Website Search
Find information on spaces, staff, and services.
Find information on spaces, staff, and services.
You will need to set up a working location on your local computer. This will be a folder/directory that will contain copies of the two primary code bases used in this tutorial. For the remainder of this tutorial we will assume that you have created a new folder called web-of-science-export within your computer’s Desktop folder. We will then refer to this location using the Unix-style path convention ~/Desktop/web-of-science-export.
If you are a Windows user, before cloning the wos-explorer, it is possible there will be some line feed encoding settings that can prevent your scripts from running correctly with the Unix-based CHTC systems and the Bash commands. To make sure your version of wos-explorer is using the correct encoding, run these two commands (you will not see anything happen, but if there is no error message it has likely worked):
git config --global core.autocrlf false
git config --global core.eol lf
On your computer, navigate in your terminal program to the project folder:
cd ~/Desktop/web-of-science-export
Clone the chtc-recipes project:
git clone https://github.com/UW-Madison-Library/chtc-recipes.git
We will only be using the recipe/project in the sub-folder wos-findbyexport.
The code in this CHTC Condor project in the wos-findbyexport project requires the use of a custom Python library developed by the Libraries called the Web of Science Explorer (TODO: insert link). You will need to clone the project from GitHub and build it as a distribution file to be included in the Condor project. Cloning the wos-explorer scripts and the creation of the tar file is a relatively quick and easy process.
While still in the web-of-science-export directory, next clone the wos-explorer project:
git clone https://github.com/UW-Madison-Library/wos-explorer.git
Next we will build this code base as a package so that it can be used by the CHTC recipe.
cd wos-explorer python setup.py sdist
A compressed tar file will appear in the dist directory in the new location and you can move it to the wos-findbyexport directory inside the chtc-recipes project:
cp dist/wos_explorer-0.2.1.tar.gz ~/Desktop/web-of-science-export/chtc-recipes/wos-findbyexport
To get started, log into the Web of Science database on the UW–Madison Library page.

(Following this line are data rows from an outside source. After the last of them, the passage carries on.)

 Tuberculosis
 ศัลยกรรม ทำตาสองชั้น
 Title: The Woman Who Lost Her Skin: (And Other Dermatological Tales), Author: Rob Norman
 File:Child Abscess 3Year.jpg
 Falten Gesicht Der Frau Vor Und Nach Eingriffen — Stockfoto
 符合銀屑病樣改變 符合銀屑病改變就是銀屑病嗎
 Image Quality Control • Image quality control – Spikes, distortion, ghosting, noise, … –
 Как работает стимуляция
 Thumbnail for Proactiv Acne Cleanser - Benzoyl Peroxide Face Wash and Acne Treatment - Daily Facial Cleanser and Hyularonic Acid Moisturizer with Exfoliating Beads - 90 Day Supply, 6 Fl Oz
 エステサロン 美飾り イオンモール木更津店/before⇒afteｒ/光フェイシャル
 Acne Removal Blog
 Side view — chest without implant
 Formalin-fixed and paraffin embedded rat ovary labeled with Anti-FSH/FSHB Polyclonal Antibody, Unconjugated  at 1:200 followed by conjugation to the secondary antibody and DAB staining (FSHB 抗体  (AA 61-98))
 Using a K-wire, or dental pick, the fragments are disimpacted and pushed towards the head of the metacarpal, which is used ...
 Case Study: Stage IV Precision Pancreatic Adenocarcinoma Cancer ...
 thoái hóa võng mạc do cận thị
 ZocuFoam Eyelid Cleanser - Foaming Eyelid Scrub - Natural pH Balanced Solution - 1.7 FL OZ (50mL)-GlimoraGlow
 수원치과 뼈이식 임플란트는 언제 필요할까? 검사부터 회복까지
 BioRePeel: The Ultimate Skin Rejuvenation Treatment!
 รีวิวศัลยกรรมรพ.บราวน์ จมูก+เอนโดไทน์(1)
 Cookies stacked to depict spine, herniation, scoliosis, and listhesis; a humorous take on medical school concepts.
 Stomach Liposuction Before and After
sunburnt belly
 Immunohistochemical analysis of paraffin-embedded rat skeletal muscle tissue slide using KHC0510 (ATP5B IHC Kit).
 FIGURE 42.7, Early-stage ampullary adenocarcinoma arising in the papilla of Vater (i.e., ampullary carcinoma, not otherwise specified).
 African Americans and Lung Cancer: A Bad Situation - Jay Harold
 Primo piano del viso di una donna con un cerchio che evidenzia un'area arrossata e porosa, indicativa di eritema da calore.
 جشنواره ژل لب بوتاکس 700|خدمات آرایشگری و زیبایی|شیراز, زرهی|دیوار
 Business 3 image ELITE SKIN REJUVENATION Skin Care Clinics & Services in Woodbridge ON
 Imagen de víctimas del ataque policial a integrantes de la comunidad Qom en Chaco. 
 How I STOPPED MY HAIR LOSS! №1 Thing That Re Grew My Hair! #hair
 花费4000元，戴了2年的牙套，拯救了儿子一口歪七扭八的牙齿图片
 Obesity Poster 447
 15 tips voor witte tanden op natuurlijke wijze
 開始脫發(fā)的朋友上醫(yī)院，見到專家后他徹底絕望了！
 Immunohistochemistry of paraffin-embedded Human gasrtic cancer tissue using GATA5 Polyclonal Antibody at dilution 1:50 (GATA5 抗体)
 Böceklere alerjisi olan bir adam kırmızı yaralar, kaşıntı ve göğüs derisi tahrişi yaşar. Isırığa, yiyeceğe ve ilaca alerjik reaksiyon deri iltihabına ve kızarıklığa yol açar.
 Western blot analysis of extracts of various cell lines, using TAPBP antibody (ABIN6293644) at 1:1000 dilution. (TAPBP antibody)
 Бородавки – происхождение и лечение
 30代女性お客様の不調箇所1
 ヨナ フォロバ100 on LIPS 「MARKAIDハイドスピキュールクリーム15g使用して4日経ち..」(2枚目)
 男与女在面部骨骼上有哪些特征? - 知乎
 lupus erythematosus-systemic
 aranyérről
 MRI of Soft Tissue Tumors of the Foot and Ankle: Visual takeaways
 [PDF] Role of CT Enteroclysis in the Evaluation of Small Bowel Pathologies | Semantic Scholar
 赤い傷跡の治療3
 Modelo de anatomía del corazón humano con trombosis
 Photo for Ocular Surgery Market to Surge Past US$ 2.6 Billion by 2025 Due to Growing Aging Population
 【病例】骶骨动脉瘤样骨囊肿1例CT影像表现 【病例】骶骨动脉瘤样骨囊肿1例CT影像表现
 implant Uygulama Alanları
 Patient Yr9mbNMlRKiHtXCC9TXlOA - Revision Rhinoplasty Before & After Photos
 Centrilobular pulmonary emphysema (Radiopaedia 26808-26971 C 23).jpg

To login to the CHTC server double check you are logged into the WiscVPN and then enter the credentials you received during your CHTC onboarding meeting:
ssh <netid>@submit-1.chtc.wisc.edu
Enter your password when prompted (it will not appear on the screen)
Once you are logged in you will see “CHTC” spelled out in oversized characters
Next make the directory where you will upload the wos-findbyexport scripts
mkdir wos-findbyexport
Type exit to return to your own computer.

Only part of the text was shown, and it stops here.